Assignment
Output every line from the beginning of the records through the line that contains "Floral cobwebs on grey", exactly as it appears.
#####
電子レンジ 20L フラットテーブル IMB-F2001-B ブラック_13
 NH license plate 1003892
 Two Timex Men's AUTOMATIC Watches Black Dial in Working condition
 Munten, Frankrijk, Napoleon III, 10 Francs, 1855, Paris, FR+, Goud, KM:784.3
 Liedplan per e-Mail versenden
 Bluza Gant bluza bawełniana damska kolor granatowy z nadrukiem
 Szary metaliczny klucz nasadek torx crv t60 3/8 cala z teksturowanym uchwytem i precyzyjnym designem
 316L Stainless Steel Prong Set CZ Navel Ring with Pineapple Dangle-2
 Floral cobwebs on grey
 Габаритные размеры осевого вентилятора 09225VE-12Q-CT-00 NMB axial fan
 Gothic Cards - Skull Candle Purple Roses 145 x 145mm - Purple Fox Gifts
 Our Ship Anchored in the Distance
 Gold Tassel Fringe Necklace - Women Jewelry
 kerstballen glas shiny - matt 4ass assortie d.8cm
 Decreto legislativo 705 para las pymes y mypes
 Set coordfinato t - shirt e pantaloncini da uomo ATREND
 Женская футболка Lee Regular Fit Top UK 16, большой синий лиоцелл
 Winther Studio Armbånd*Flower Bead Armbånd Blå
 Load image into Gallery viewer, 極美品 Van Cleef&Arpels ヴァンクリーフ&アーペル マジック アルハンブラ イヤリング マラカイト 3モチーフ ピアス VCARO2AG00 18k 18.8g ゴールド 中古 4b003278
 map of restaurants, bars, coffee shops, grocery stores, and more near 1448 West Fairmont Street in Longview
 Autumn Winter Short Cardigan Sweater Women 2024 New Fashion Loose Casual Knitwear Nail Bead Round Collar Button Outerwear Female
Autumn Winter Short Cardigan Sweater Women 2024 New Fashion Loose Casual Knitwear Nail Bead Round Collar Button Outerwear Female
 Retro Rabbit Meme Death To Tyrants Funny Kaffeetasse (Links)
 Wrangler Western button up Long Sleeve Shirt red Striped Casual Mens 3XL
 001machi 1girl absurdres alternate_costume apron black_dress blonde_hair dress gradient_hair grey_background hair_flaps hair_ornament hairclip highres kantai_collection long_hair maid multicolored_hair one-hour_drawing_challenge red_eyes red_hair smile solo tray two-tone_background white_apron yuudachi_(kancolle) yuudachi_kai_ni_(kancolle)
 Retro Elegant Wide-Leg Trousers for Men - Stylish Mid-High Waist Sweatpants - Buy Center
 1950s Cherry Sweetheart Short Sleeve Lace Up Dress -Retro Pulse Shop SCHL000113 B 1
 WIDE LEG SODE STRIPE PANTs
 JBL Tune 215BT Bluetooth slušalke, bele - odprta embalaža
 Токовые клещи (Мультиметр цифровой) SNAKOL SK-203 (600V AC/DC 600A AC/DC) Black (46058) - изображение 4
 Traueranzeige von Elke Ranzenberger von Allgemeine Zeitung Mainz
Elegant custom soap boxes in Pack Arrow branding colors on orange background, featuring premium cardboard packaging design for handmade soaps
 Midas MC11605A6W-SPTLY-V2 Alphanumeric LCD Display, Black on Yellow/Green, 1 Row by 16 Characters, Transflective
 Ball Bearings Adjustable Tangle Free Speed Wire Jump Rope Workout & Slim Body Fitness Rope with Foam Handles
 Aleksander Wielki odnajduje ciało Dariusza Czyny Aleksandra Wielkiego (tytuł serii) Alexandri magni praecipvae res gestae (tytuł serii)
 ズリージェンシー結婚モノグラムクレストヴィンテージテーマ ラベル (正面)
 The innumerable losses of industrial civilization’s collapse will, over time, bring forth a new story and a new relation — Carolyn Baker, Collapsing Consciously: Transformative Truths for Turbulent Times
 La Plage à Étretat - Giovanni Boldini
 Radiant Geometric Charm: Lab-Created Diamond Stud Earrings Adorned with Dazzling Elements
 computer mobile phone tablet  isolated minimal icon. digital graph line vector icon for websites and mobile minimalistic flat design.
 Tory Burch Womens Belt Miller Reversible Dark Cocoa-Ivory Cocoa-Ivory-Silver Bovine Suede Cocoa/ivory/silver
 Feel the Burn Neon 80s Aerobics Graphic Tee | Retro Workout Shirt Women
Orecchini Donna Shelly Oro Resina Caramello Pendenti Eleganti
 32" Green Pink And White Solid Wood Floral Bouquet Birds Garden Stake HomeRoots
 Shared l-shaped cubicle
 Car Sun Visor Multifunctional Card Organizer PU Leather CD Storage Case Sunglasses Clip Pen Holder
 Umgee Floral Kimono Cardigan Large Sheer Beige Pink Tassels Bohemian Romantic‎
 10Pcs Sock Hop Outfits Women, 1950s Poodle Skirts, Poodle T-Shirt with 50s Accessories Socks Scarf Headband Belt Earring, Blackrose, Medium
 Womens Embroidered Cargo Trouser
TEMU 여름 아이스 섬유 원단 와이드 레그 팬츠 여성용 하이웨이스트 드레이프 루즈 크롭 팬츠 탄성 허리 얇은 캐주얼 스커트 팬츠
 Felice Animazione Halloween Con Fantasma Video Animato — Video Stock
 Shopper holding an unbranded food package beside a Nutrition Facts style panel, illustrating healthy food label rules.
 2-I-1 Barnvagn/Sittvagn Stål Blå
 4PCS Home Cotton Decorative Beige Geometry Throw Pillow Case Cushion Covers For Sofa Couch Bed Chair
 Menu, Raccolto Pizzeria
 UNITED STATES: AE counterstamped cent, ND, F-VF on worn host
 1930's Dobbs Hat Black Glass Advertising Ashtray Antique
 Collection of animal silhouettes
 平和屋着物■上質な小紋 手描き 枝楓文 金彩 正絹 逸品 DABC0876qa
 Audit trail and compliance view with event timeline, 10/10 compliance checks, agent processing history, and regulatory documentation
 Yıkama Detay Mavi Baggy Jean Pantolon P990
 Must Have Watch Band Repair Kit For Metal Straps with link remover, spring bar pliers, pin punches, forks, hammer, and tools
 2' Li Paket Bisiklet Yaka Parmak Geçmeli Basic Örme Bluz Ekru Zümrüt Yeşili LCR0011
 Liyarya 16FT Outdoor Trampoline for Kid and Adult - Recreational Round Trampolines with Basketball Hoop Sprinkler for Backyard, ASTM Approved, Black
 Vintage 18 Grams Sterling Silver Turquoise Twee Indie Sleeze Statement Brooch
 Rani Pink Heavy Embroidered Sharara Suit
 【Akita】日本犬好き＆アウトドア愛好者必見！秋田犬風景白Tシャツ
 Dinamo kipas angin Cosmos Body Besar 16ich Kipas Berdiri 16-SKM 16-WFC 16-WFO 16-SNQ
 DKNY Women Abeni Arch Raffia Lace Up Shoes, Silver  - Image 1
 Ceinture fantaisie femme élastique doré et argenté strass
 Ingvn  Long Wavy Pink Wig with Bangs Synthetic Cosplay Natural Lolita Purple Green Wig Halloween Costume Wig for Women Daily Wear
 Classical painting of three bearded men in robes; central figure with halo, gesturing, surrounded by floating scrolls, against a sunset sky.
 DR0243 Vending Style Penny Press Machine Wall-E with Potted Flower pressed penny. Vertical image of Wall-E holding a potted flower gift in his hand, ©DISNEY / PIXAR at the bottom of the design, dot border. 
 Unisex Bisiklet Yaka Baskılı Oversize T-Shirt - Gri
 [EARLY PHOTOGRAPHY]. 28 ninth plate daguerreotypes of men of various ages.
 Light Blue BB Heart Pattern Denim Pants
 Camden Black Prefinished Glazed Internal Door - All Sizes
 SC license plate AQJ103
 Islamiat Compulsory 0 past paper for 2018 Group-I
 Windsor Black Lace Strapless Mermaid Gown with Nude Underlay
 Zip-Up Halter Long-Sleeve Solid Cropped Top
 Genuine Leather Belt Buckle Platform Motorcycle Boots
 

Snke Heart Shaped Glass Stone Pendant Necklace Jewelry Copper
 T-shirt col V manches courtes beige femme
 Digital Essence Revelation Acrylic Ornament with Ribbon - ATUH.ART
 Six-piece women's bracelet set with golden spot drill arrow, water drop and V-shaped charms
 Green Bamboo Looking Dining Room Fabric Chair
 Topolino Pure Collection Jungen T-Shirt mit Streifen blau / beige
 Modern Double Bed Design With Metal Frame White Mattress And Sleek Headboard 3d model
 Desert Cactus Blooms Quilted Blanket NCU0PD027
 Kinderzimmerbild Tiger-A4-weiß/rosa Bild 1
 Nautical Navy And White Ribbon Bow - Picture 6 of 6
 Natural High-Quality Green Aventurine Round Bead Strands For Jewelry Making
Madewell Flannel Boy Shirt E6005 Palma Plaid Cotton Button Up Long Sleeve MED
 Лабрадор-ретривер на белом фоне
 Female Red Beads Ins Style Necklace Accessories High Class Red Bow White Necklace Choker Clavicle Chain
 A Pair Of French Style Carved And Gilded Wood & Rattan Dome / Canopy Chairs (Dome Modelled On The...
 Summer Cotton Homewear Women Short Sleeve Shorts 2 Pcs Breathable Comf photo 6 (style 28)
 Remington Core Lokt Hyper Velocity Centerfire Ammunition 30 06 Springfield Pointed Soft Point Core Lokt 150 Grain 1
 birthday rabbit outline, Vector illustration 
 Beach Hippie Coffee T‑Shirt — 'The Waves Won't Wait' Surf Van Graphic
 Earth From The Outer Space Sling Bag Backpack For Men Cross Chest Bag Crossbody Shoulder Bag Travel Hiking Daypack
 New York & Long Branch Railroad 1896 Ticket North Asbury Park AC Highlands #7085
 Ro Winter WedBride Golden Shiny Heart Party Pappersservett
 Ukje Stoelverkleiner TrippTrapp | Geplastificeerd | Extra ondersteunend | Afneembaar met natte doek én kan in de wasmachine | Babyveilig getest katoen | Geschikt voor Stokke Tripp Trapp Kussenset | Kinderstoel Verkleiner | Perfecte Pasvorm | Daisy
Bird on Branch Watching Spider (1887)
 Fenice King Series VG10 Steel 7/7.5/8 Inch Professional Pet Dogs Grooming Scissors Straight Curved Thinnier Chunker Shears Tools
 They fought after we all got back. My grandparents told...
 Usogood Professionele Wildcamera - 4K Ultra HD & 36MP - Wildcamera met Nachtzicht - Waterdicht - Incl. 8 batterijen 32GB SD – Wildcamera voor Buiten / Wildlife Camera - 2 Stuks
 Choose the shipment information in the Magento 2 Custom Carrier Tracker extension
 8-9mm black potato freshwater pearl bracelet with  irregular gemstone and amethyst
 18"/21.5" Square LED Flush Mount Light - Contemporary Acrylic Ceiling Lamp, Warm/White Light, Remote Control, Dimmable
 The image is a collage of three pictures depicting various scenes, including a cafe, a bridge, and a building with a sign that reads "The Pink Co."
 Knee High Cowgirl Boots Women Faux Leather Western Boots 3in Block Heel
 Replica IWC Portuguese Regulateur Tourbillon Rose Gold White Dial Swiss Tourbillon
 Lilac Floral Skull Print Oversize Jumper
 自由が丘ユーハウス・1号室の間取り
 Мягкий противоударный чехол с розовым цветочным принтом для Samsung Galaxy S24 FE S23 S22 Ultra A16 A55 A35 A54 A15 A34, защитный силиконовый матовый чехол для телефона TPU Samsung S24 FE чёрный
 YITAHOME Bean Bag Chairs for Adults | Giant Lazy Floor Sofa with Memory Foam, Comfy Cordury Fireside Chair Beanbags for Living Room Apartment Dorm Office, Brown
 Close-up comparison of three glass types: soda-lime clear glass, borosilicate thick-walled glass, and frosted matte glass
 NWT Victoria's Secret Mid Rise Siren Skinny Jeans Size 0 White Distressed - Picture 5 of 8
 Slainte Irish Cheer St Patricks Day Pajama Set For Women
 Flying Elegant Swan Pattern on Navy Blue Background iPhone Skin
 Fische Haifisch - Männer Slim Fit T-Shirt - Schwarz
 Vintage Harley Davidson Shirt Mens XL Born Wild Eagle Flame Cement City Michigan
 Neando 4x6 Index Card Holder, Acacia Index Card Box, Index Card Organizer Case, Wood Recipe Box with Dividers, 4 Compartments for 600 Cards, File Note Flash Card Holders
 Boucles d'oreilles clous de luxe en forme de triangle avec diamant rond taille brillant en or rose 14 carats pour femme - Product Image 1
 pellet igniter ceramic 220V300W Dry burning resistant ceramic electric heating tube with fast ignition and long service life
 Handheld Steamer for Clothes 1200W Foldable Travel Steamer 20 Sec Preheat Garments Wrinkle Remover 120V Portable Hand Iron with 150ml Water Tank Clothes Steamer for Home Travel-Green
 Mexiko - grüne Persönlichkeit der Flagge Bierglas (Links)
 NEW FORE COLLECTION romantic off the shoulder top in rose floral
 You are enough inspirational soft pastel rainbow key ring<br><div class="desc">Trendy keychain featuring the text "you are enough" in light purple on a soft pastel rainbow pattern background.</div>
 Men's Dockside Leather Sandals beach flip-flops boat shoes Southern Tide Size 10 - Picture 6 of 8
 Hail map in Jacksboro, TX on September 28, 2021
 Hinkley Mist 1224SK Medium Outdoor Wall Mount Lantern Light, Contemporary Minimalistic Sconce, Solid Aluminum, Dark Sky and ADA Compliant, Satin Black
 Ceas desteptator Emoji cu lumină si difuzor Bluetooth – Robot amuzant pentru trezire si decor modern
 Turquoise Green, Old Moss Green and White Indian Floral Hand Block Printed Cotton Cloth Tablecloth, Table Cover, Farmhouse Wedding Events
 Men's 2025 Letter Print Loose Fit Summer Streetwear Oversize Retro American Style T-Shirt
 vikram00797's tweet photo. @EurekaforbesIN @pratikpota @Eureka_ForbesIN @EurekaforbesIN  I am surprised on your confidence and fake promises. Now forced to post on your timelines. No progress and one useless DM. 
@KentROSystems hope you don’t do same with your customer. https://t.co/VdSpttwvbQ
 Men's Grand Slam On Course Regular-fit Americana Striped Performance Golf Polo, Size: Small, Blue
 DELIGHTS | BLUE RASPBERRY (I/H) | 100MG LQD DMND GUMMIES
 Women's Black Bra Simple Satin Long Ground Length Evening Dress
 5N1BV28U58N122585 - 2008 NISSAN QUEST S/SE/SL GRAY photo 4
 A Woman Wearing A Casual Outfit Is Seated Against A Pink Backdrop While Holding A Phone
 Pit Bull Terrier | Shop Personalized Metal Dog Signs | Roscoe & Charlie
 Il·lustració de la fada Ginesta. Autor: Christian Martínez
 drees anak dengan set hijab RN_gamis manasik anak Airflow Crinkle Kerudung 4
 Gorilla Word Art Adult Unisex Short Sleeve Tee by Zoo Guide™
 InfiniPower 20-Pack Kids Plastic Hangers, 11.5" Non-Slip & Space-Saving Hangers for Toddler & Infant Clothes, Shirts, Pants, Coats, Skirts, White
#####
Task answer
電子レンジ 20L フラットテーブル IMB-F2001-B ブラック_13
 NH license plate 1003892
 Two Timex Men's AUTOMATIC Watches Black Dial in Working condition
 Munten, Frankrijk, Napoleon III, 10 Francs, 1855, Paris, FR+, Goud, KM:784.3
 Liedplan per e-Mail versenden
 Bluza Gant bluza bawełniana damska kolor granatowy z nadrukiem
 Szary metaliczny klucz nasadek torx crv t60 3/8 cala z teksturowanym uchwytem i precyzyjnym designem
 316L Stainless Steel Prong Set CZ Navel Ring with Pineapple Dangle-2
 Floral cobwebs on grey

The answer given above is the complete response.